Hey Matt, where's your chain binders to hold that tractor to the trailer? You guys are a lot braver than me.


----------



## Beeslave (Feb 6, 2009)

I see so many things in that video that are wrong.......I don't even know where to begin. Lack of smoke... tarp....daylight moving with warm temps....no running vehicle keeping vibration on loaded bees while unloading........screening while flying.....breaking apart boxes before moving<-----Thats just a start


----------



## Beeslave (Feb 6, 2009)

Not trying to pick on you Matt but this could be a way to teach others lacking experience what not to do.


----------



## matt1954 (Sep 8, 2010)

Shannon, thanks for your comments. As you know, things happen unexpectedly. We were using smoke, we did have tarps, and some of the hives did come apart when we hit one of the trees going into the orchard. Life is an imperfect world.


----------



## Trevor Mansell (Jan 16, 2005)

The bloom you showed is just a shock bloom the bees wont do anything with it ,you are going to want to feed your bees at least thru the first part of Feb. Also you are going in a little early ,make sure with the caretaker that they are done spraying for greening, if they are spraying by air it could do some damage to the hives.


----------



## matt1954 (Sep 8, 2010)

Thanks Trevor. All of the colonies that are active had two full deeps with significant amounts of capped honey that will get them through the next few weeks. We have already addressed the spraying and are good to go.


----------



## sqkcrk (Dec 10, 2005)

Beeslave said:


> Not trying to pick on you Matt but this could be a way to teach others lacking experience what not to do.


Life is a learning experience and everyone starts where and when they start. I know what you mean Beeslave I wondered why screening was bothered with considering how the strapping opened the hives and the covers didn't stay in place. But, I bet DC learned something and hopefully will improve.


----------



## sqkcrk (Dec 10, 2005)

matt1954 said:


> Shannon, thanks for your comments. As you know, things happen unexpectedly. We were using smoke, we did have tarps, and some of the hives did come apart when we hit one of the trees going into the orchard. Life is an imperfect world.

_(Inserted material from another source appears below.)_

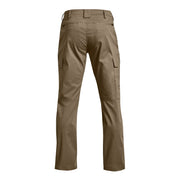 Under Armour Enduro Elite Men's Cargo Pants, Water-Repellent Ripstop, Brown, Size 38W x 30L, 1373667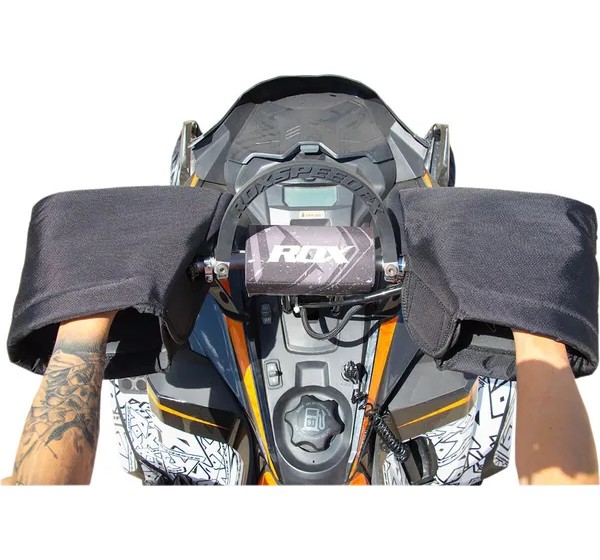 ROX SPEED FX Handprotektoren - Detailansicht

What did you do when you stopped for fuel along the road South? Did you stop at the AG Station on the way into FL? Did you stop at any Weigh Stations on Rt 95?


----------



## matt1954 (Sep 8, 2010)

Hey Mark, when we went down in October we did stop at the AG Station and had our paperwork from Florida in advance. It was a straight shot down 95. No stops at weigh stations on 95.


----------



## sqkcrk (Dec 10, 2005)

Stops for fuel? Lose many bees?


----------



## matt1954 (Sep 8, 2010)

We of course stopped for fuel and it was very cold out at that time so I did not lose many bees. Once we arrived at destination in Florida the bees became very active. I noticed some swarming almost immediately upon arrival, so I guess I should say that we did lose a few bees.


----------



## tefer2 (Sep 13, 2009)

Matt, OMG, didn't know you really lost the tractor on the way back home. Feel bad for you guys. Maybe you can buy a skid steer with the insurance money.


----------



## sqkcrk (Dec 10, 2005)

Lost the tractor? Where did you read that?


----------



## tefer2 (Sep 13, 2009)

See, In the Orange Groves post, 1/17/2013


----------



## sqkcrk (Dec 10, 2005)

Is that a different Thread?


----------



## Barry (Dec 28, 1999)

http://www.beesource.com/forums/showthread.php?277444-In-the-Orange-Groves


----------



## VolunteerK9 (Aug 19, 2011)

Really enjoyed the video and this thread...thanks


----------



## tefer2 (Sep 13, 2009)

Matt, thanks for posting your trip and the video, I think we all learn from seeing things first hand.


----------



## Mbeck (Apr 27, 2011)

I'm not a pro and this is only what I understand from trying to educate myself.
Trevor may be able to explain correctly if I'm wrong.

The first early bloom is expected to be lost.
All grove owners try to get groves sprayed very well right before the major nectar producing bloom.
The problem is how "before" the bloom is determined. The grove owner next door may spray a week after the grove you are in is sprayed. They then spray as soon as the bloom is done. I think the goal is to have trees go the shortest amount of time between treatments and it is illegal to spray during the bloom.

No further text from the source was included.